I think your situation is clearly more complex, but your DH may be able to reassure you, if not it may well make him think about his behaviour and that it is risky and stop anything actually happening. Who knows but I don’t think it would be a bad thing to share your concern.

Good luck.

Butterfly44 · 04/01/2019 15:18

When you have a comfortable life and don't want to rock the boat for the kids - that is the number one reason people who aren't particularly happy, stay together. It's the hardest thing to ever do or entertain doing. The thought of a different unknown future is terrifying.
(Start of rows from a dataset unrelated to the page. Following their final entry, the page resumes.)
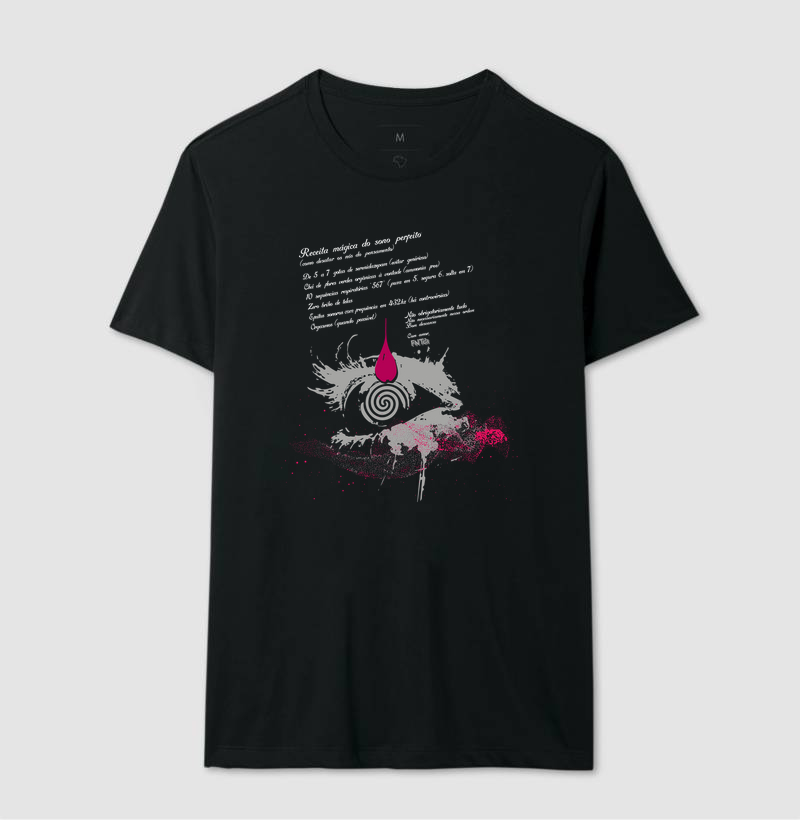 T-SHIRT "SONO" / RECEITA MÁGICA 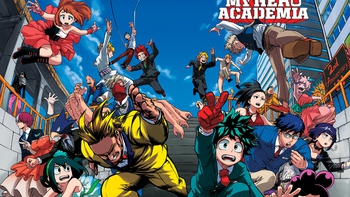 Vì sao điểm IMDb trong tập phim mới anime My Hero Academia cao chót vót?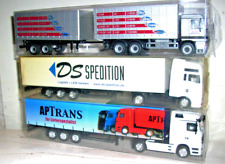 (08-A) 3 ciężarówki, Euro Leasing, DS Spedition + Aptrans Spedition, ciągniki siodłowe na sprzedaż  Wysyłka do Poland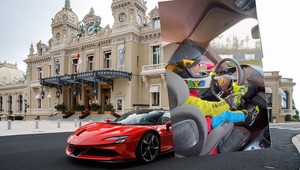 Trzylatek prowadzi Ferrari SF90 Stradale. Trudno w to uwierzyć [WIDEO]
However, think about if your DD came to you with this problem as her mum, what would you advise? You would hate disrespected she's made to feel. Would you suggest her husband goes to counselling to fix it? I don't know. Sometimes a dose of reality works. Tell him you deserve better treatment, that his how he treats you is a reflection of what DD sees. He needs a kick on what he could lose and if this fantasy of a past relationship is worth it. Tbh it sounds like the ex just likes the attention. Yes she is single but things like 'my rock' etc is harmful. All contact with her needs to be cut and you are not unreasonable to demand it. If he doesn't then tell him to leave so he can go and think about it. He has the best of both atm and doesn't think you'd ever go.